– Эти разбогатевшие лавочники, – презрительно оттопырил губу Лафок, – у них в голове смесь из тщеславия и алчности. Все что они умеют – это хотеть больше денег. Они не в состоянии оценить стратегических замыслов и добровольно пожертвовать хоть грош на общие цели. Мой отец, который теперь вынужден платить на свои имения вдвое большие налоги, и не может торговать зерном с канейцами, теряет на этом серьезный доход, но остается верен трону. Почему же эти жирные коты считают, что все расходы обязательно должны идти не за их счет?
– Вы их недооцениваете, господин капитан. Они способны многое изменить в этой стране. У них есть деньги, но нет власти. Но одно без другого долго не существует. Если сейчас они не получат свой кусок пирога, то со временем они возьмут его силой. Общество стоит на грани раскола, это чрезвычайно опасная ситуация, она чревата самыми неприятными неожиданностями.
Стюард внес кофе и десерт – сыр, сладкие печенья с миндалем и черный муравьиный мед.

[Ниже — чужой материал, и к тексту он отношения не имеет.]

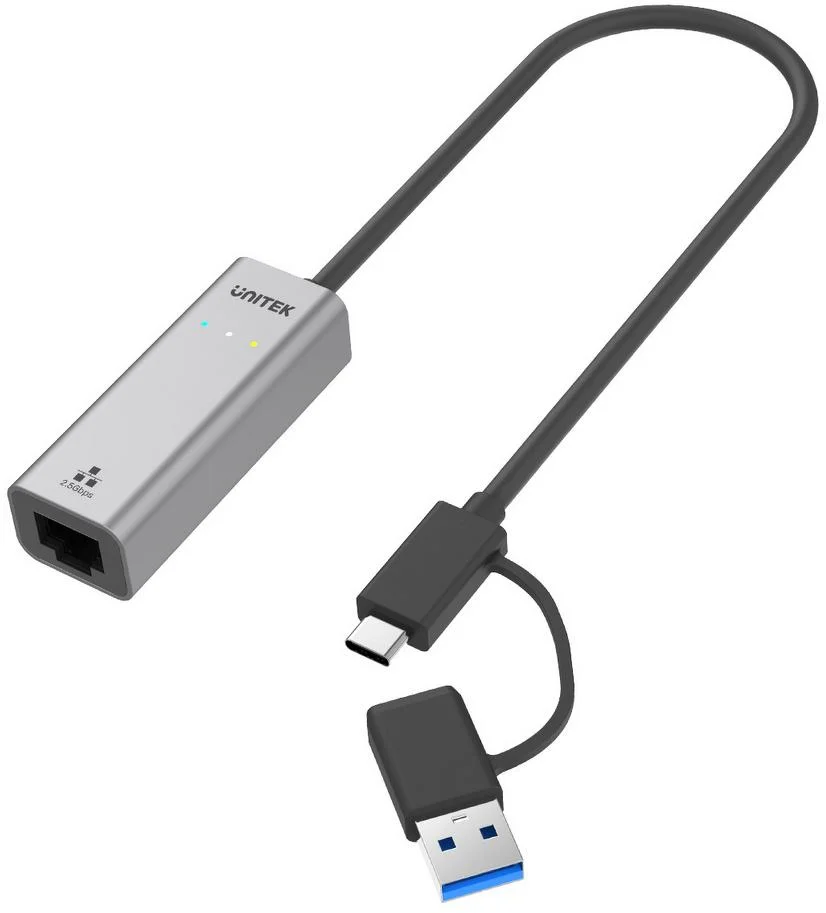 Unitek U1313C adapter USB-A/C na RJ45 2.5 G Ethernet - nowoczesny adapter do zastosowań multimedialnych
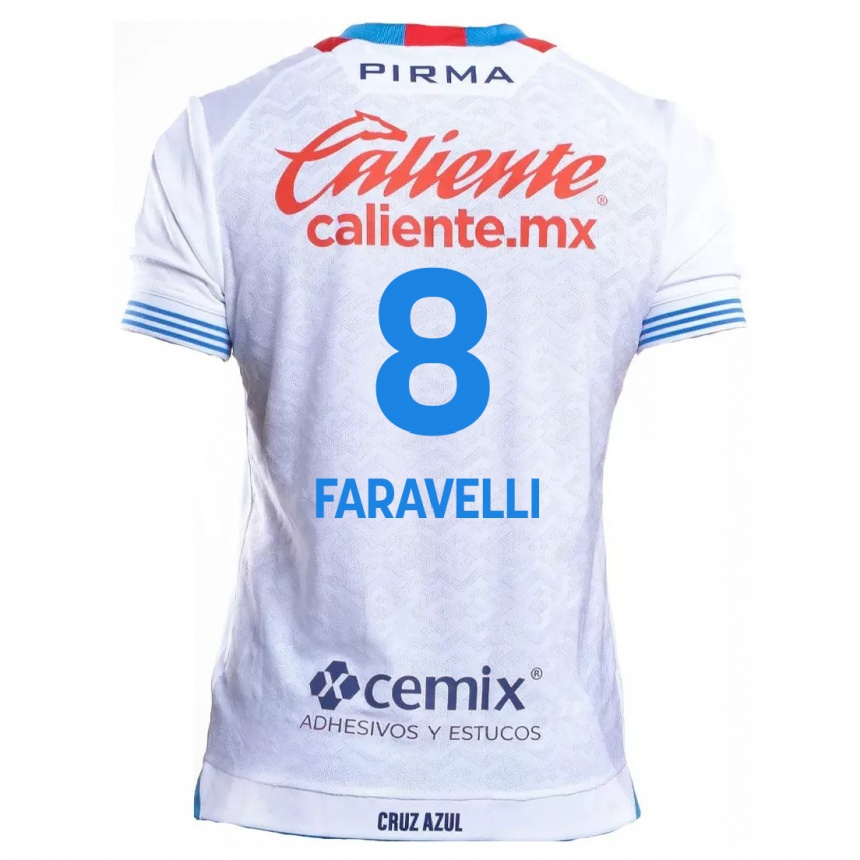 Niño Fútbol Camiseta Lorenzo Faravelli #8 Blanco Azul 2ª Equipación 2024/25 Argentina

– Отпробуйте мед – это редкий деликатес, – расслаблено произнес Лафок. – В Холленверде такой подают разве только к императорском дворце. Его собирают муравьи на цветущих весной лугах в Тарсийских горах. Он должен вызреть в муравейнике, и живущие там дикари собирают его раз в три года – не более полуфунта с каждого. Республиканцы покупают его у батюшки по восемьсот марок за фунт. А управляющий его нового тарсийского имения расплачивается с горцами за него порохом, ружьями и хорошими ножами производства заводов Люмана.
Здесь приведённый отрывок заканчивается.